We are delighted to announce that a London team, led by Kate Vernon and Gregory Pantlin, has secured a decisive victory for IBM UK in the UK High Court in a case that has significant implications for software licensing agreements in the technology sector.
In this high-profile matter—Mrs Justice O'Farrell ruled that Winsopia breached its contract with IBM UK and that its ultimate owners, Mr John Moores and LzLabs GmBH, procured that breach and participated in an unlawful conspiracy to do so. They orchestrated what the Court found was a deliberate, systematic and intentionally hidden conspiracy to reverse engineer IBM's proprietary mainframe technology, representing billions in research and development investment.
The case centered on LzLabs' Software Defined Mainframe (SDM), which claimed to enable customers to run IBM mainframe applications outside IBM systems. Our team successfully demonstrated that LzLabs' UK subsidiary Winsopia had deliberately breached its software licence agreement after purchasing an IBM mainframe in 2013, using this access to unlawfully appropriate IBM's proprietary technology.
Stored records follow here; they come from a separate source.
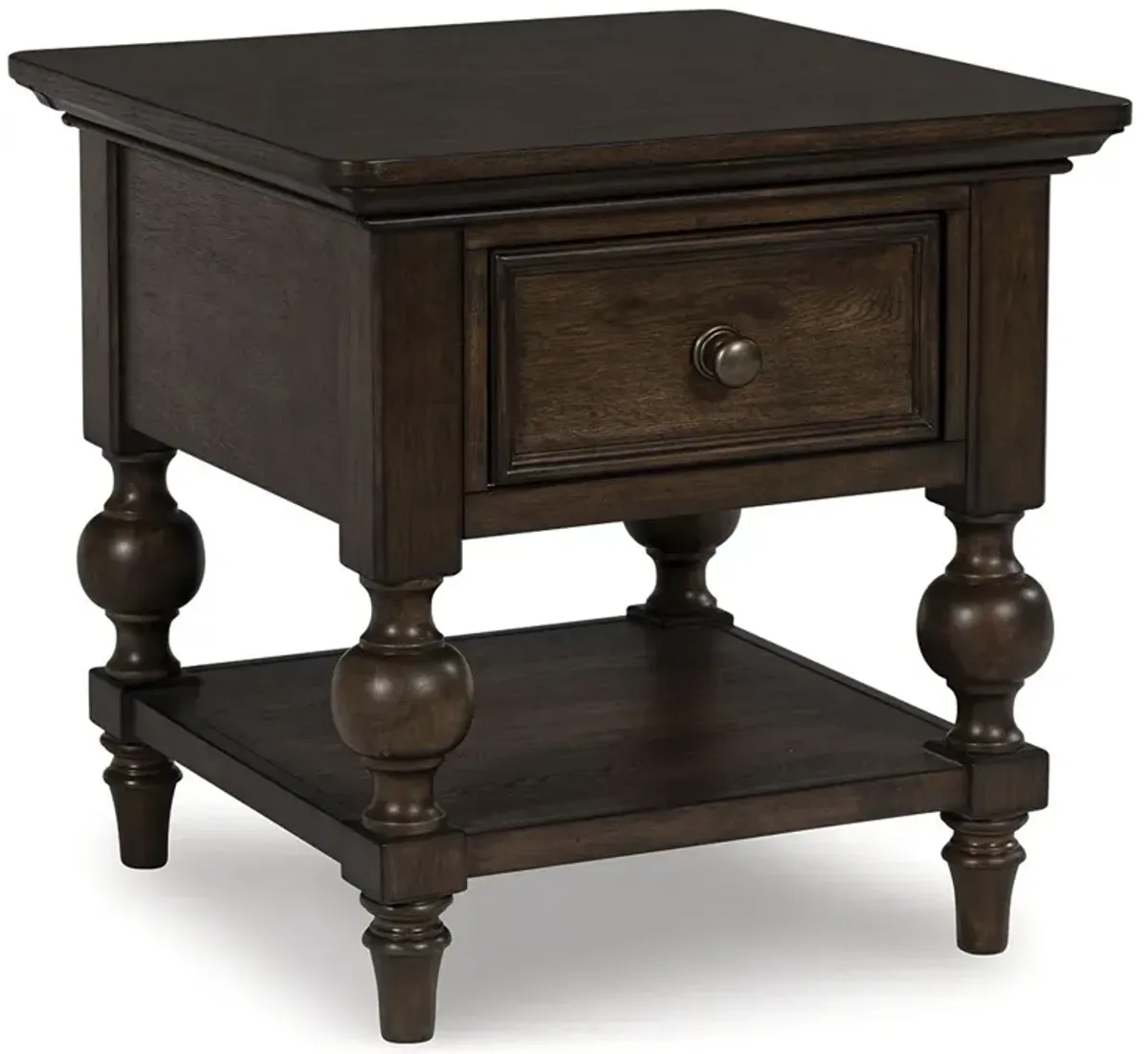 Veramond - Dark Brown - Square End Table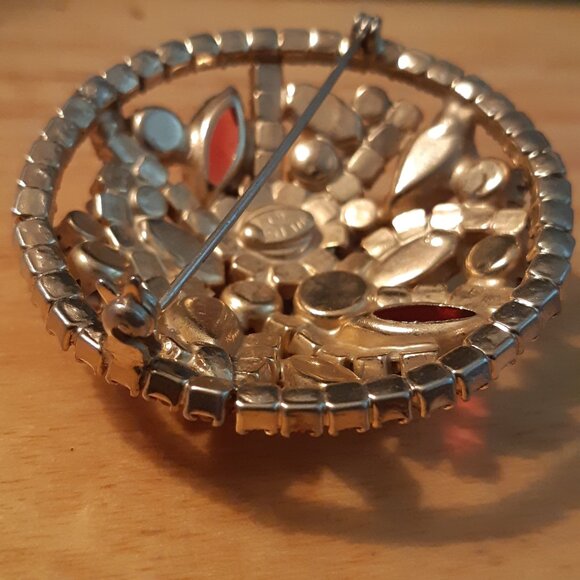 1960s Weiss Pink Rhinestone 2 Inch Circular Domed Vintage Brooch - Picture 3 of 16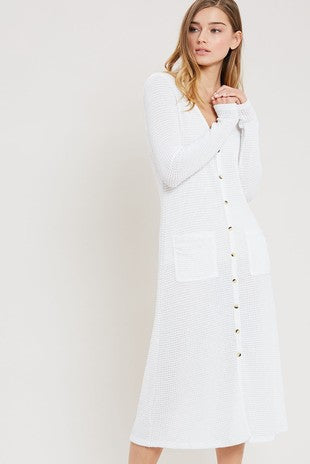 Waffle Knit Long Sleeve Cardigan Ivory - Athens Georgia Women's Fashion Boutique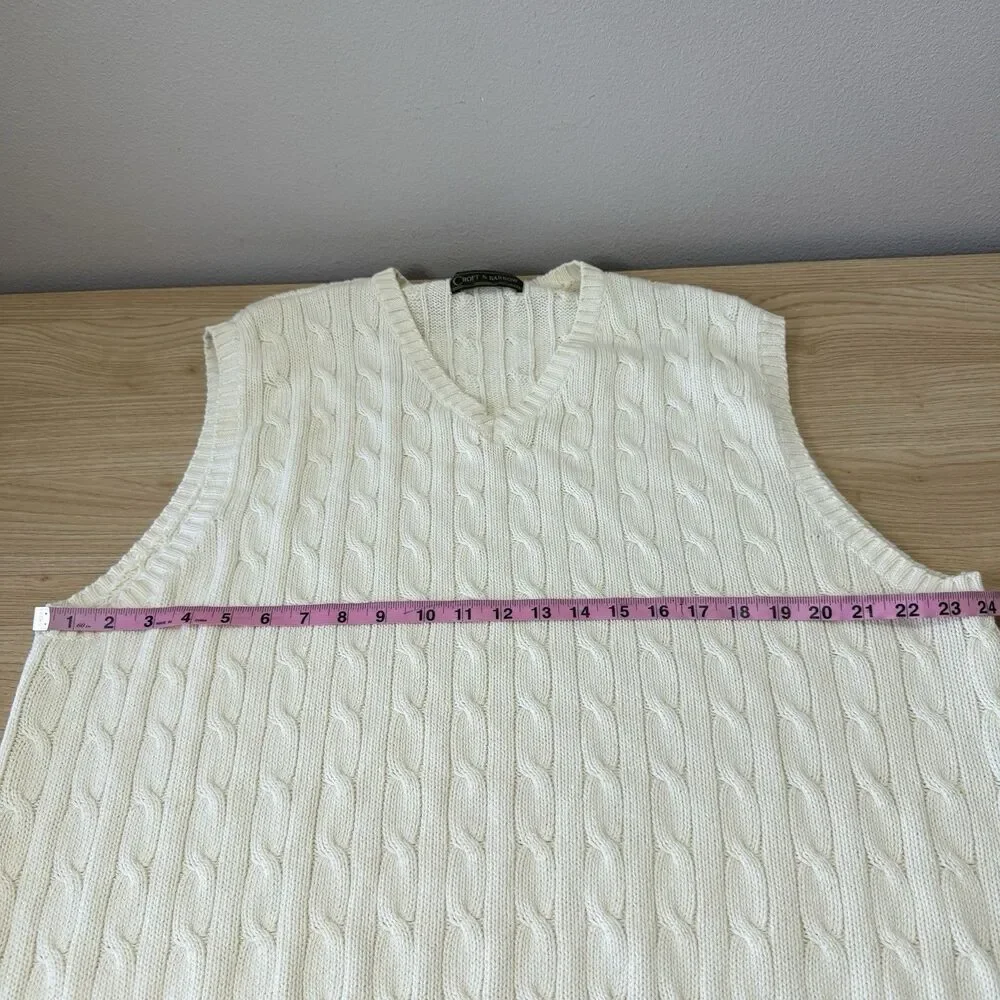 Mens Cable Knit Sweater Vest XL Ivory V Neck Pullover Knit Cotton Prep Academia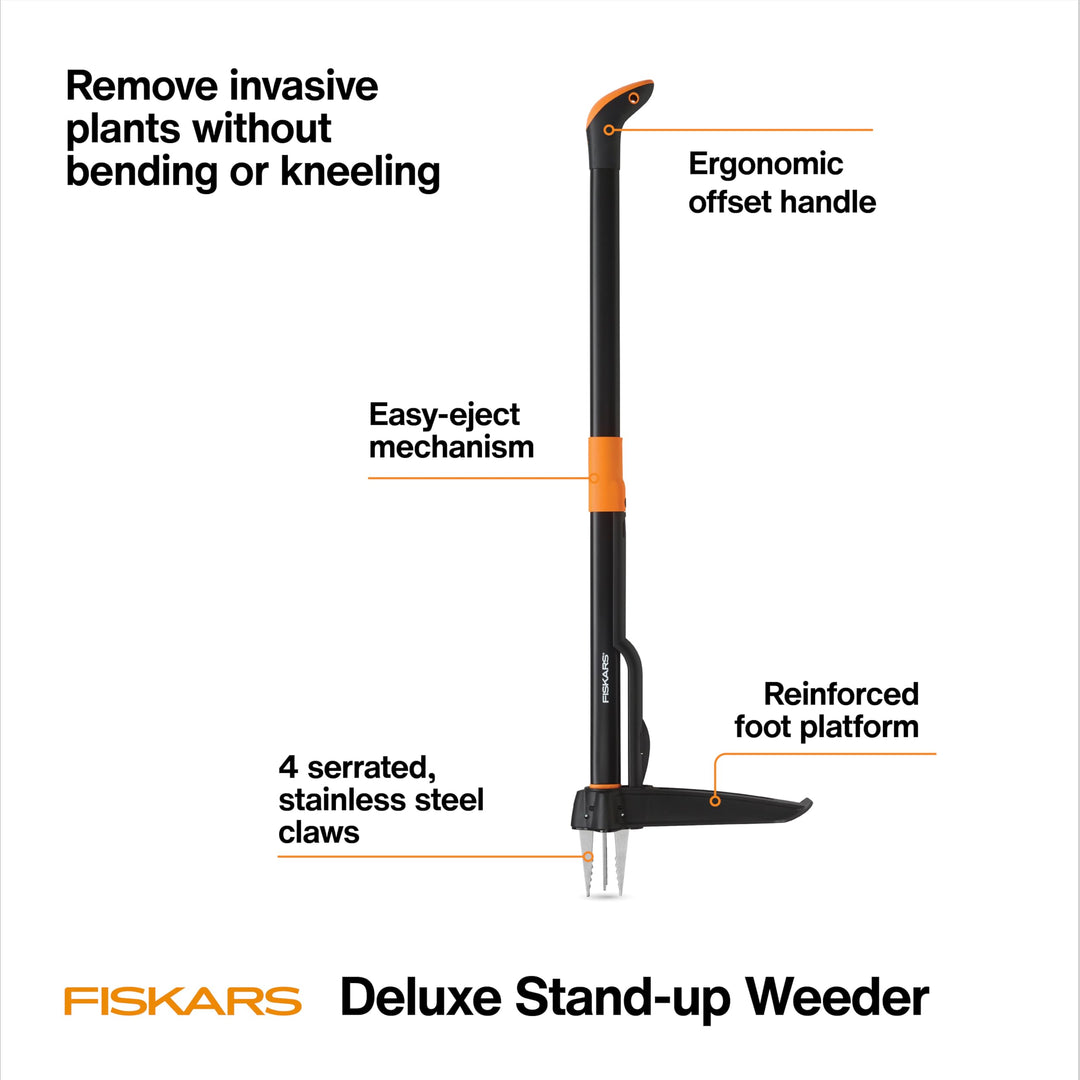 Fiskars 4-Claw Stand Up Weed Puller Tool, Gardening Hand Weeding Tool with 39" Long Ergonomic Handle with Easy-Eject Mechanism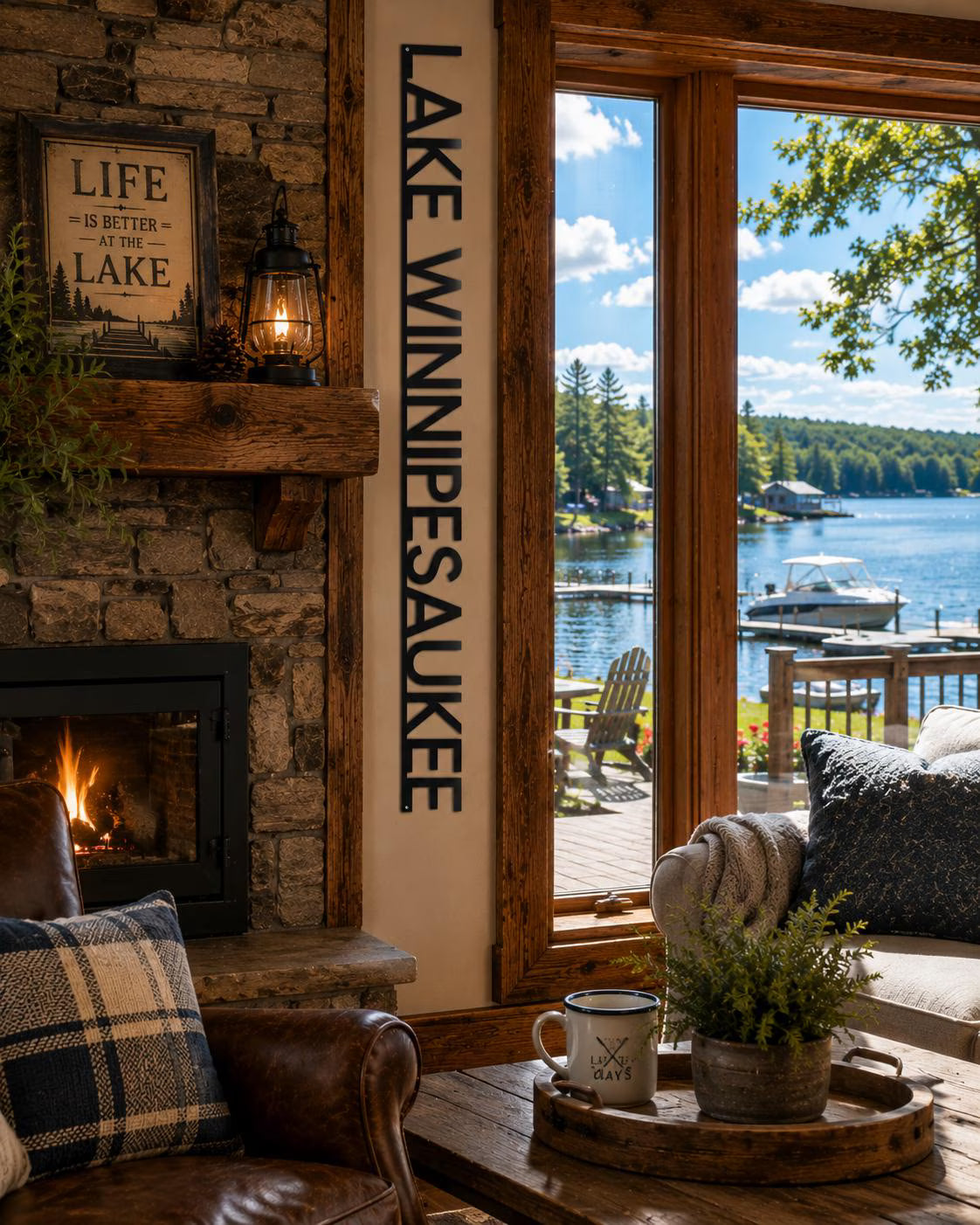 personalized lake name wall art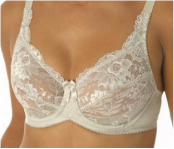 Lace bra cups with a lined interior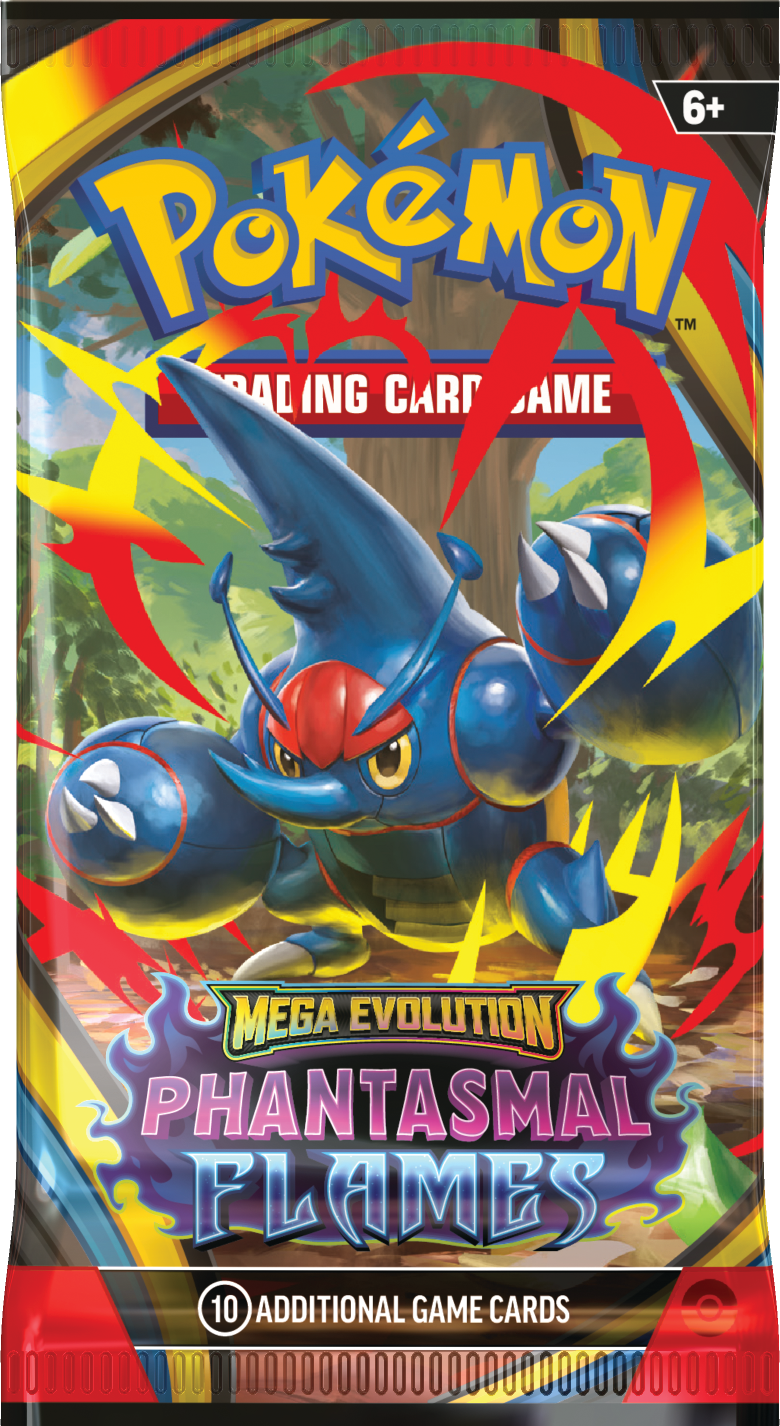 Mega Heracross pack art from Pokémon TCG: Mega Evolution - Phantasmal Flames 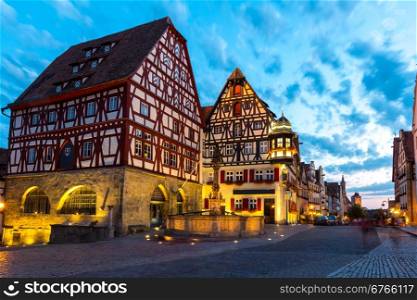 Beautiful view of the historic town of Rothenburg ob der Tauber, Franconia, Bavaria, Germany at dusk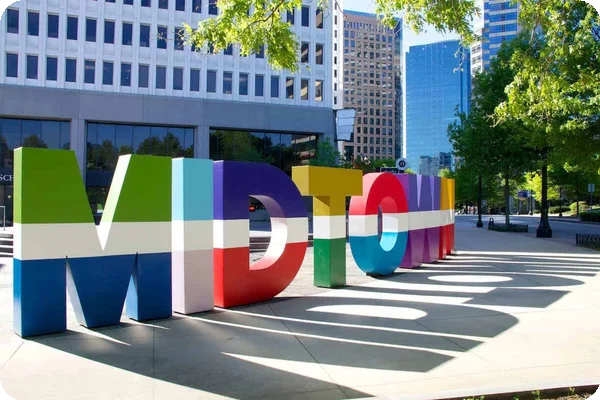 A colorful sign reading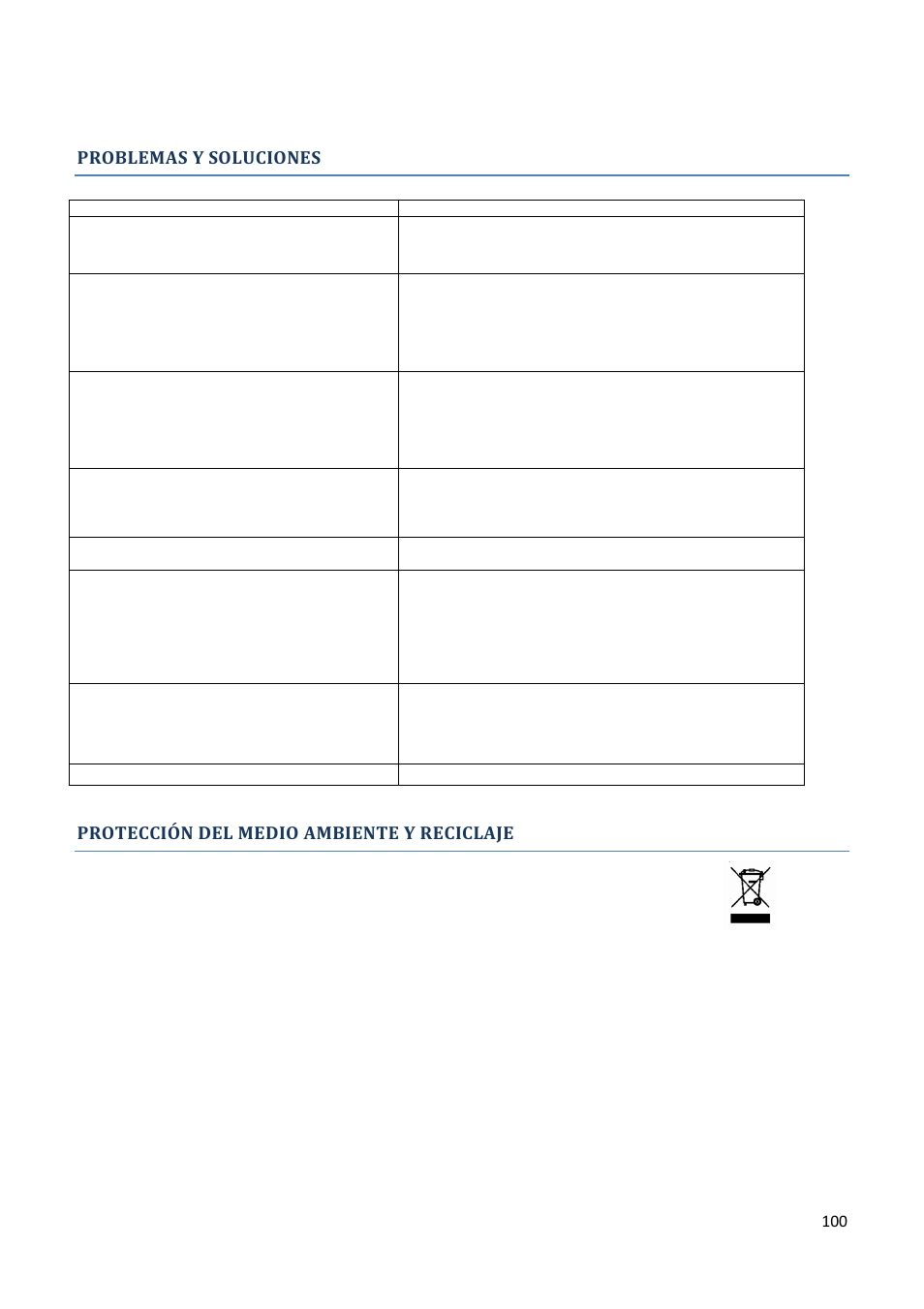 Problemas y soluciones, Protección del medio ambiente y reciclaje | Climadiff AV93X3ZI-1 User Manual | Page 100 / 106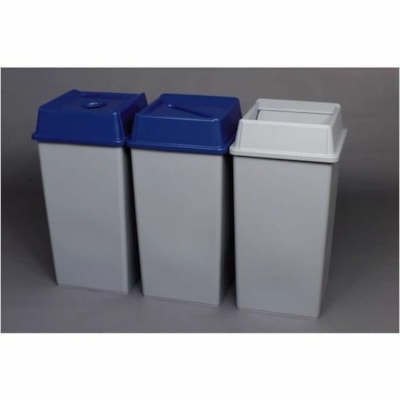 Rubbermaid Commercial Universal 35 Gal Square Gray - 132.49 L Capacity - Square - For Indoor, Outdoor - Durable, Crack Resistant, Dent Resistant, Puncture Resistant, UV Resistant - 27.6" (701.04 mm) Height x 19.5" (495.30 mm) Width x 19.5" (495.30 mm) Depth - Resin - Gray  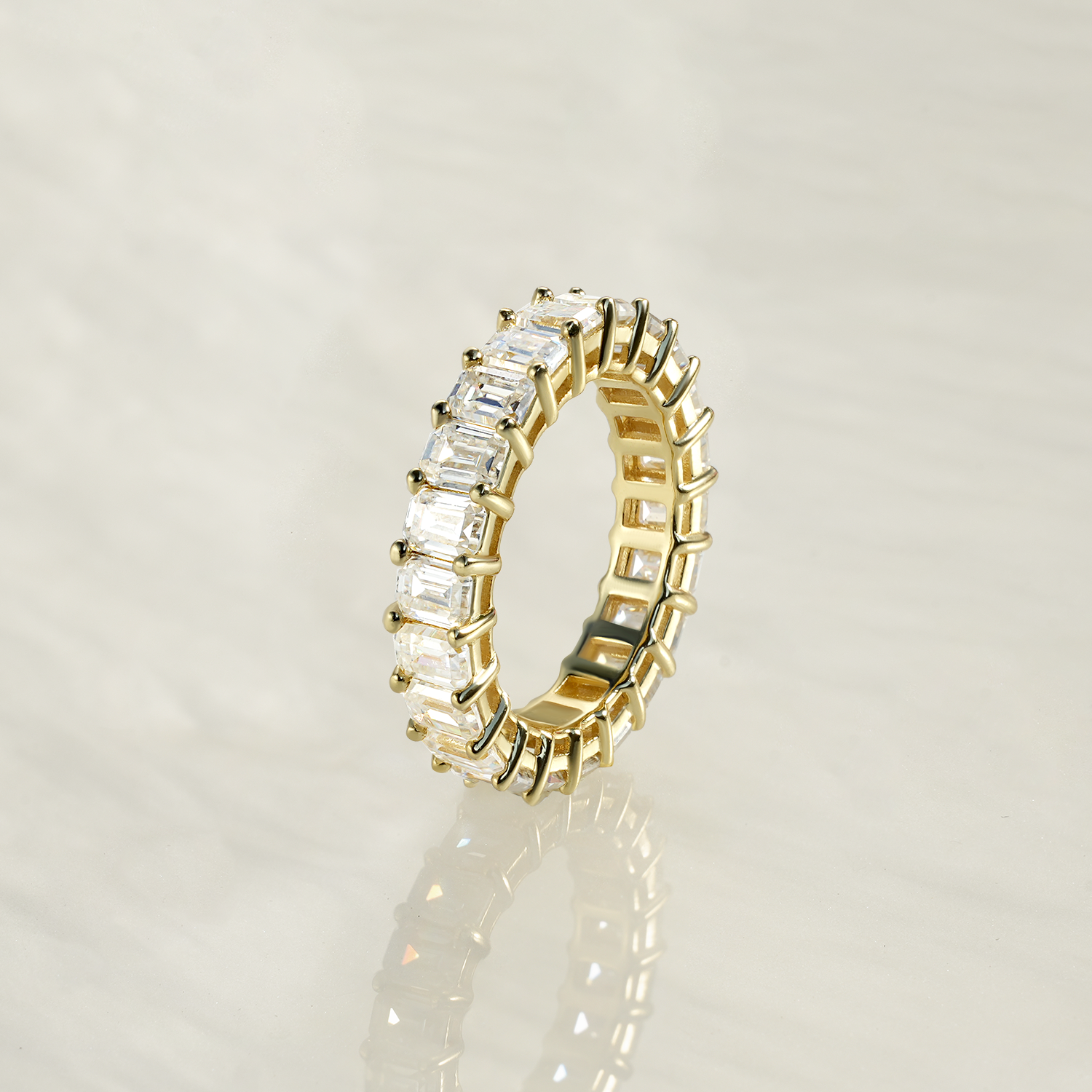 Emerald Cut Shared Prong Full Moissanite Band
The Defendants were all held to have deliberately concealed their breaches of contract from IBM UK.
Throughout the nine-week trial, this QE team dismantled the defendants' claims of independent software development, proving conclusively that LzLabs, Winsopia, and tech entrepreneur John Moores (founder of BMC Software) had conspired to breach the contract in order to develop the SDM. The Court also found that the conduct was deliberately concealed and so not time barred.
This landmark ruling not only protects IBM’s innovations but also reinforces the enforceability of software licensing restrictions in complex technology disputes—an issue of growing importance in today's digital economy.